National Trust: 100 sites linked to slavery
THE homes of Sir Winston Churchill and Rudyard Kipling are among almost 100 National Trust properties which the charity claims have links to slavery and colonialism.
Churchill’s former family home in Kent, Chartwell, was included, alongside several other well-known properties linked to leading figures from the East India Company.
The audit, released yesterday, leaves the heritage charity facing accusations of smearing key figures from British history.
National Trust members have threatened to cancel subscriptions.
The trust has insisted it does not want to censor history but that it has a duty to ensure its supporters and visitors know about the origins of some of its properties. But Lucy
Trimnell, a Conservative councillor in Somerset, wrote online that she would cancel her membership, adding that she ‘cannot support the naming and shaming of innocent families who left these properties to the custodianship of the National Trust’.
The trust said the year-long audit was ordered before the Black Lives Matters protests, when a statue of Edward Colston was toppled from a plinth and thrown into a harbour in Bristol because of his role in the city’s slave trade.

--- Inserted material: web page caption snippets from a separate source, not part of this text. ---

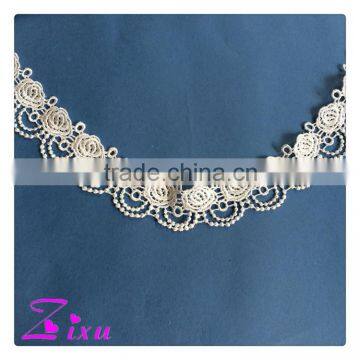 Fashion lady dress and wedding dress water soluble embroidered Lace trim or lace trimming                        
                                                                                Supplier's Choice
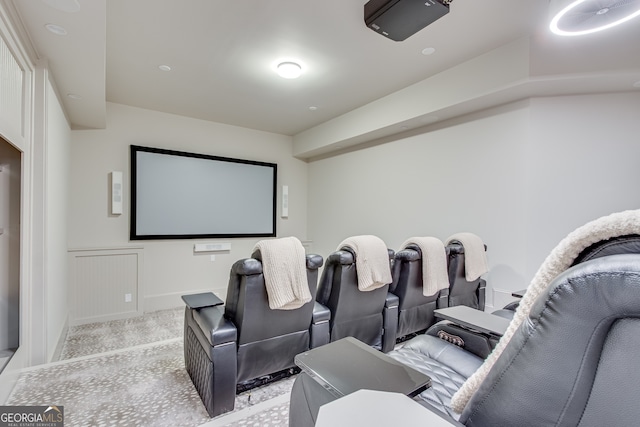 home theater room with carpet flooring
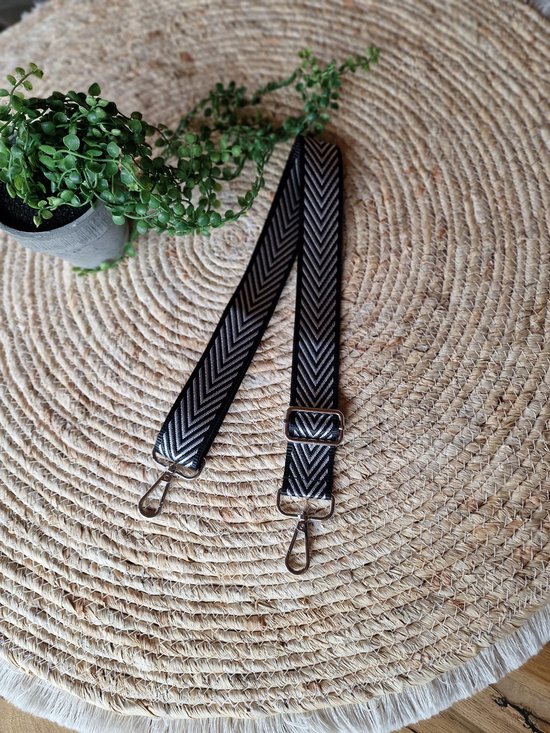 Bag Strap Zwart Zilver - Zilver Metaal - Black - Tassenriem - Schouderband - Schouderriem tas - Tassen riem - Tas hengsel - Tassen band - gitaar strap - cameratas band - cross body - verstelbare riem - bag belt - handtas bandje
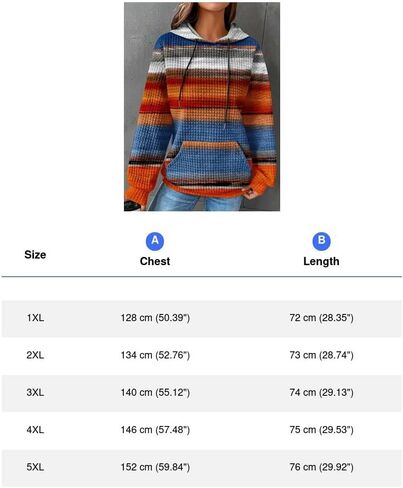 Plus Size Casual Loose Fit Slightly Stretchy Hoodie, Women's Rainbow Stripe Print Hooded Sweatshirt with Pockets in Kuwait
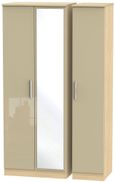 Knightsbridge Mushroom and Light Oak 3 Door Tall Triple Wardrobe - 1 Mirror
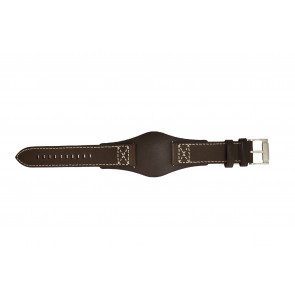 Fossil watch strap CH2599 Leather Dark brown 22mm 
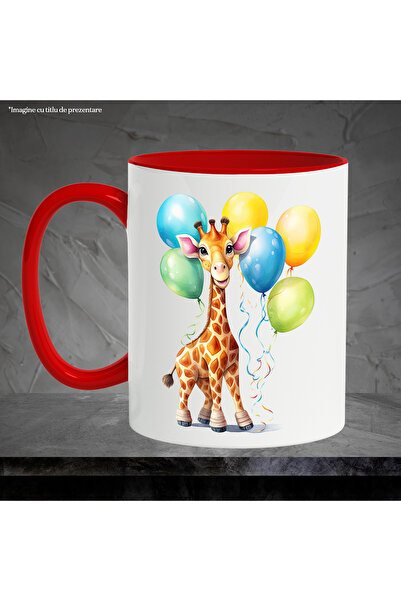 StoryGift Romania Mug with a cheerful giraffe on a birthday | illustration | colorful balloons | animal, With ,STG.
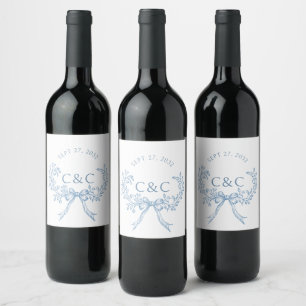 Vintages blaues Blumencoquette Monogramm Weinetikett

The charity, which has 5.6million members and 500 historic sites around the UK, said it commissioned the report last September.
The audit details properties’ links to slave traders but also to families whose plantations used slave labour, and who were paid compensation after the slave trade was abolished.
The report also highlights figures involved in Britain’s colonial history, including author Kipling and historian Thomas Carlyle, whose former homes are now run by the trust.
Dr Tarnya Cooper, the National Trust’s curatorial and collections director, said the charity had a duty to research and share information.
She added: ‘A significant number of those [properties] in our care have links to the colonisation of different parts of the world, and some to historic slavery.’